被疑者は、令和7年8月1日に勾留され、原々審は、同日、検察官の請求により、被疑者と弁護人又は弁護人となろうとする者等以外の者との接見等を禁止する旨の裁判をした。これに対し、弁護人が本件準抗告を申し立てた。

原決定は、本件被疑事実の性質、内容、被疑者の供述状況及び供述内容からすれば、被疑者が、罪体や重要な情状事実について、関係者と通謀するなどして罪証を隠滅すると疑うに足りる相当な理由があり、これを防止するためには、刑訴法39条1項に規定する者以外の者との接見等を禁止する必要があると認められるから、被疑者の母を含めて接見等を禁止した原々裁判の判断は正当であるとして、本件準抗告を棄却した。

しかしながら、本件は、事案の性質、内容をみる限り、被疑者が被疑事実を否認しているとしても、勾留に加えて接見等を禁止すべき程度の罪証隠滅のおそれがあるとはうかがわれない事案であるから、原審は、原々裁判が不合理でないかどうかを審査するに当たり、被疑者が接見等により実効的な罪証隠滅に及ぶ現実的なおそれがあることを基礎付ける具体的事情が一件記録上認められるかどうかを調査し、原々裁判を是認する場合には、そのような事情があることを指摘する必要があったというべきである。
そうすると、そのような事情があることを何ら指摘することなく原々裁判を是認した原決定には、刑訴法81条、426条の解釈適用を誤った違法があり、これが決定に影響を及ぼし、原決定を取り消さなければ著しく正義に反すると認められる。

解説

刑訴法89条は、勾留されている被疑者について、逃亡や罪証隠滅をすると疑うに足りる相当な理由がある場合には、弁護人又は弁護人となろうとする者以外の者と被疑者との接見や物の授受を禁止することができると定めている。
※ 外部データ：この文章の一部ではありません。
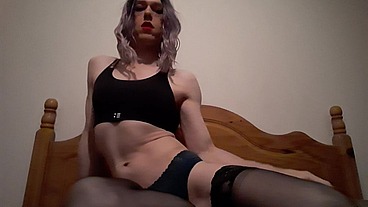Horny Transvestite sucking and playing with a dildo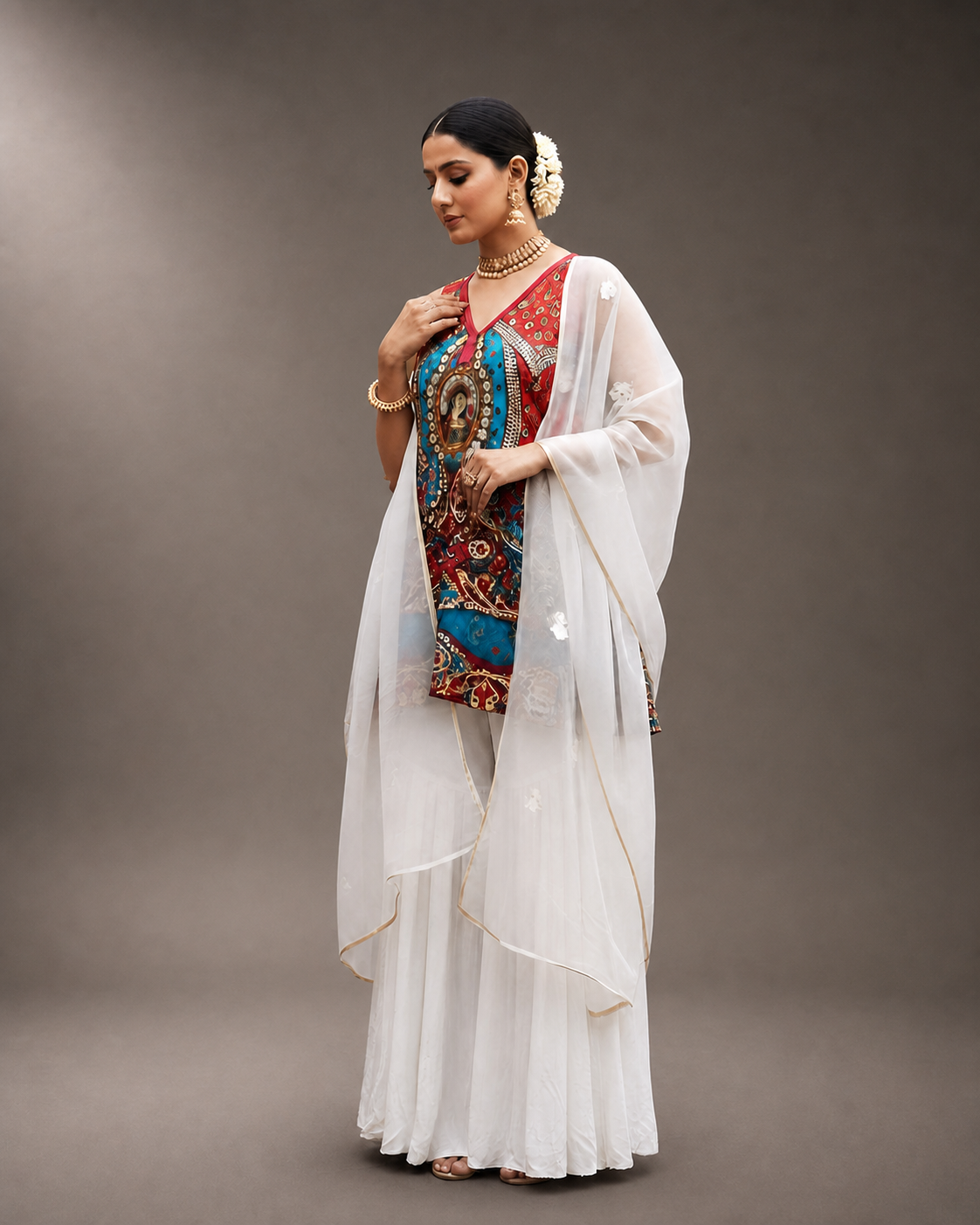 Meenal peacock motif ensemble three-quarter view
これを一般に接見等禁止決定あるいは単に接見禁止とか、略して接禁などと呼んでいる(以下、本稿では「接見禁止」ということにする)。

同上の文言上は、「逃亡し又は罪証を隠滅すると疑うに足りる相当な理由」となっており、勾留の要件である刑訴法60条と同様の書きぶりであるものの、当然ながら、勾留のみによっては逃亡や罪証隠滅を防止し得ず、勾留に加えて接見禁止をしなければならないだけの理由が求められているものと解されており、勾留よりも厳格な要件の下で初めて認められるものと解される。

詳細は、当事務所の解説記事をご覧いただきたい。

しかしながら、接見禁止については、検察官は安易に接見禁止を請求し、裁判官も極めて安直にこれを認める傾向にある。さながら自動販売機の如くである。例えば、共犯者のいる事件だと、暴力団やテロ集団などの犯罪組織によるものでなくとも、被疑者自身は犯罪の成立を争っていなくとも、高頻度で接見禁止が付されるし、否認事件だと、薬物の自己使用など、共犯者のいない単純な類型であっても、やはり高頻度で接見禁止が付される。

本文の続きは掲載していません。